Wednesday, 5 November 2008

Playing with regular expressions: Intersection

We implement symbolic intersection among regular expression
by adapting Antimirov's regular expression rewriting algorithm.
By symbolic we mean that regular expression are not transformed to
automata. We rewrite regular expressions by using partial derivatives.

The algorithm (highlights):


r1 `intersect` r2 =

let [l1,...,ln] = lettersOf (r1 | r2)
in

(l1, partDeriv r1 l1 `intersect` partDeriv r2 l1)
| ...
| (l1, partDeriv r1 ln `intersect` partDeriv r2 ln)

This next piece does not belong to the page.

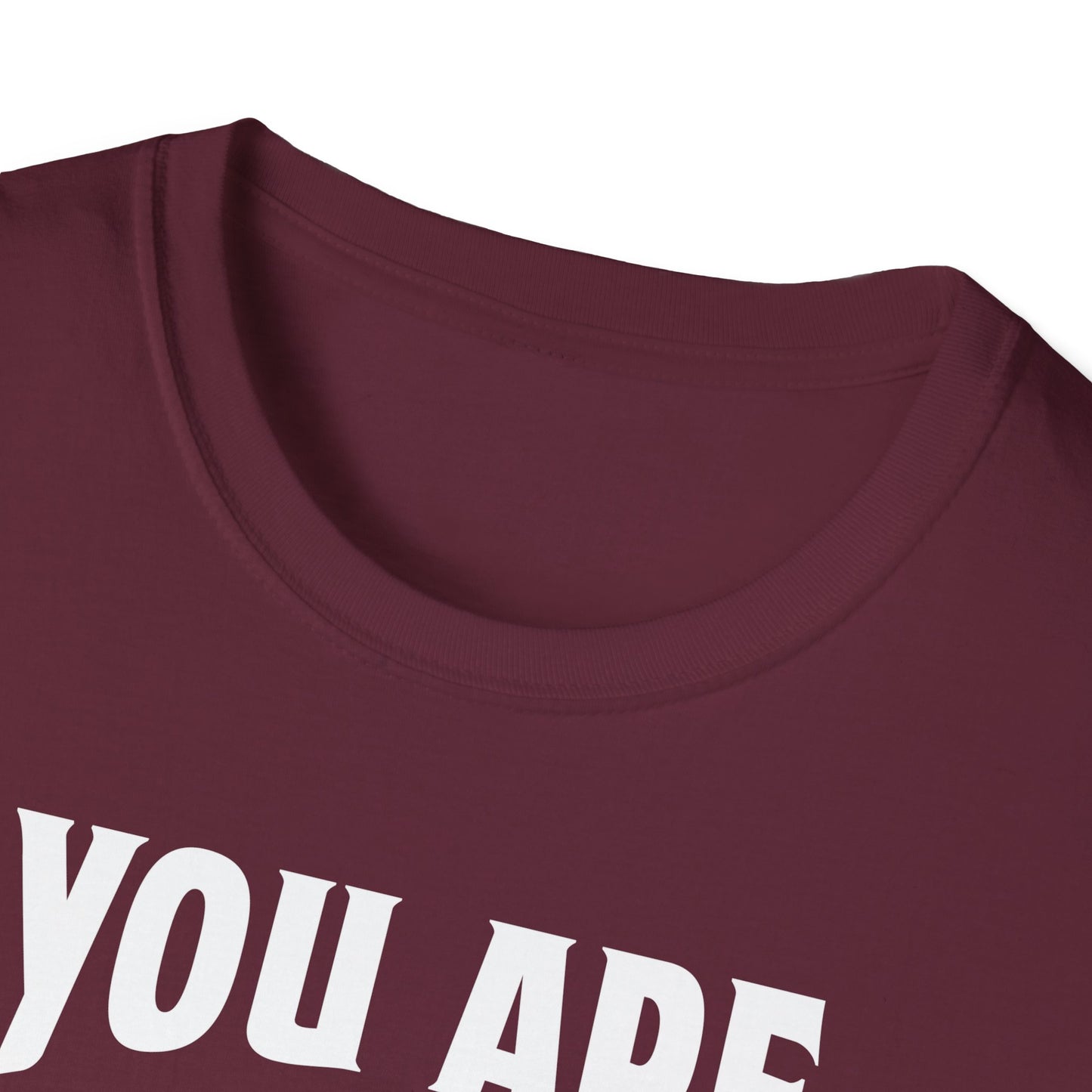 You Are The Cream To My Coffee Softstyle T-Shirt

The idea is that each regular expression is turned into a
'disjunction' of clauses where each clause starts with
a letter, followed by the partial derivative of the regular
expression wrt that letter.

You probably will know Brzozowski's derivative operation
which says that


derivative r l = [ w | (l,w) in L(r) ]


If we would use derivatives the above algorithm
is non-terminating. For example,


deriv (Star (L 'A')) 'A'
--> <<>,'A'*>

deriv (deriv (Star (L 'A')) 'A') 'A'
--> (<{},'A'*>|<<>,'A'*>)


and so on. The nice property of partial derivatives is that
they are 'finite'. Each regular expression has a finite
number of partial derivatives. For example,


partDeriv (Star (L 'A')) 'A'

--> <<>,'A'*>

partDeriv (partDeriv (Star (L 'A')) 'A') 'A'
--> <<>,'A'*>


Please check the paper

Valentin M. Antimirov: Partial Derivatives of Regular Expressions and Finite Automaton Constructions.
Theor. Comput. Sci. 155(2): 291-319 (1996)

for more details on derivatives, partial derivatives and their connection
(roughly, derivatives correspond to DFA states and partial derivatives correspond to NFA states).


There's another source of non-termination which we explain via
the following example.


A* `intersect` A*

--> (A, A* `intersect` A*)


where we simplified partDeriv A* A --> <<>,A*> to A*

The point to note is that the proof tree is infinite. The standard approach
is to use co-induction which then yields a finite (recursive) proof.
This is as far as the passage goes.